Rispetto a tale situazione, i fautori del multilateralismo fanno due danni. Uno col diffondere l’idea (anch’essa illiberale in quanto fomenta il ribellismo) che i diritti si basano sul pretenderli e non su autonome iniziative responsabili;  due, altrettanto grave, con lo snobbare tale situazione liquidandola come populista. E’ vero che  spesso troppi di quei cittadini meno uguali nei diritti pensano che basti segnalare un disagio per risolverlo. Ma disconoscere tale disagio, è il modo più sicuro per irrobustirlo e dare una forza civile a chi non ha progetti per curarlo. Ad esempio, negare le condizioni reali (oggi nascondendosi dietro l’opporsi a Trump), è l’inizio del disgregarsi di una libera convivenza. Di fronte a Kim Jong-un che lancia missili intercontinentali e fa grossi esperimenti nucleari sottomarini nel Pacifico, definirlo solo un leader locale come auspica lo Washington Post o dire che l’UE “porta la pace” non specificando come, ricorda oggettivamente la politica delle concessioni pacificatrici verso Hitler (accordi di Monaco) fatta dal Premier inglese Chamberlain ottanta anni fa, già all’epoca bollata da Churchill: “ha avuto il disonore e avrà la guerra”.

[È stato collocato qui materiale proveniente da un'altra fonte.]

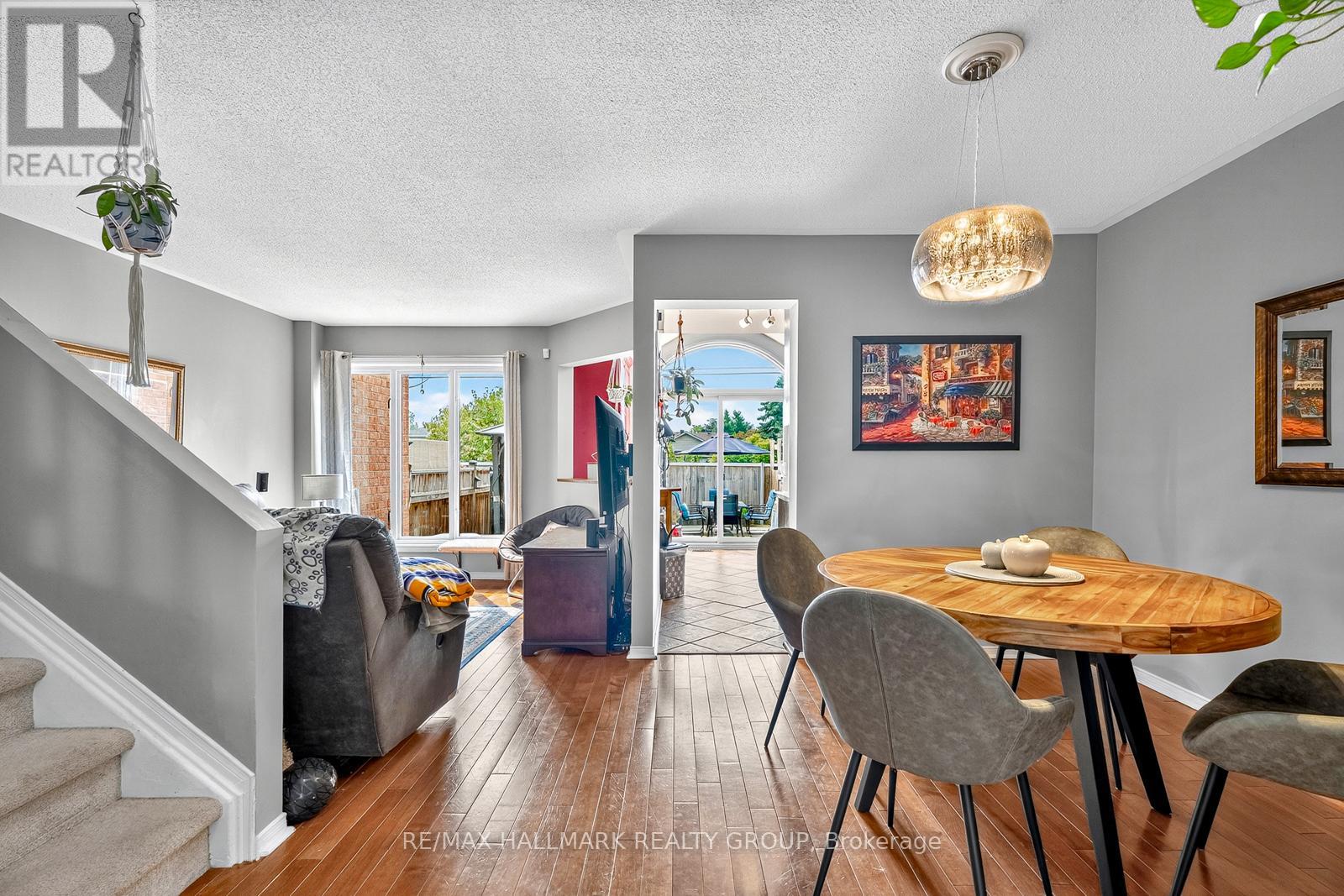 Photo 24 of 6212 Arbourwood Drive, Ottawa ON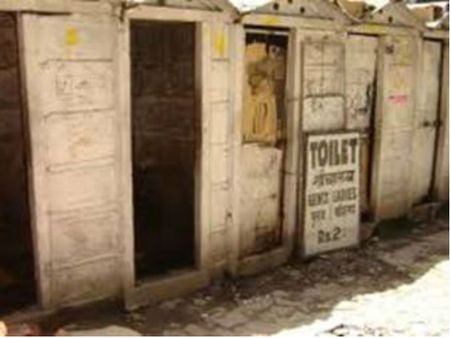 যোগীর রাজ্যে স্কুলের শৌচাগার সংকট, ঋতুকালীন সময়ের জন্য ছুটি চাইলেন শিক্ষিকারা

Pretendere che contrapporre multilateralismo e neoliberismo costituisca la foto della realtà, rimuove l’impegno a fare regole duttili per rendere funzionante al meglio quel conflitto democratico tra i cittadini, che si è dimostrato il sistema più efficace perché la libertà porti allo sviluppo di tutti. E’ il metodo “a passo a passo” prescelto dall’Europa dei Trattati di Roma, un po’ pasticciato 35 anni dopo a Maastricht ma che tutt’oggi resta il progetto più vitale di organizzare dal basso il convivere tra cittadini sovrani. Anche l’UE, siccome per coerenza è aperta al mondo, soggiace alle ventate multilateraliste o neoliberiste di un potere incline a chiudersi e quindi anche alle conseguenti  folate populiste. Il danno più forte di queste ultime è stata la Brexit. Peraltro – come palesa il discorso in pompa magna tenuto dalla May non casualmente a Firenze venerdì 22 scorso –  anche qui, perfino in una democrazia più antica della nostra, le pulsioni populiste hanno portato ad una protesta contro le burocrazie e i ritardi di Bruxelles che ha vinto senza programma. Ed oggi il governo inglese tenta (negandolo) di immaginare (senza dire come) di non lasciare l’Europa stando fuori dell’UE. Ma dopo che la Gran Bretagna ha respinto il criterio UE del confliggere per costruire istituzioni dal basso e ha preferito star da sola, non si capisce per quale motivo Londra dovrebbe godere, in campo economico e dei diritti, dei privilegi UE rispetto agli altri paesi del mondo alleati UE (vedi il recentissimo accordo di libero scambio UE – Canadà). Contraddirebbe il criterio della scelta responsabile e delle sue conseguenze

Abbandonando la contrapposizione distorta tra multilateralismo e neoliberismo, va perseguita la strada UE costruita a passo a passo  sul rapporto conflittuale  tra i cittadini secondo le regole, abbattendo ogni conformismo e misurandosi sui progetti di ciascuno (individuo e nazione) e sui risultati indotti. Nonostante tutte le difficoltà emerse, l’UE ha il DNA per frequenti mutamenti anche nelle sue norme, che diminuiscano le rigidità strutturali e agevolino lo sviluppo della conoscenza dei suoi cittadini mediante un’istruzione più dinamica e più critica volta al risolvere i problemi. Cominciando da quelli prioritari delle fonti di energia e del mantenere una rotta molto attenta al rispetto delle condizioni di libertà individuale e di uguaglianza nei diritti, al fine di evitare il formarsi del disagio civile, sempre in agguato. E’ la medicina più sperimentata contro il populismo.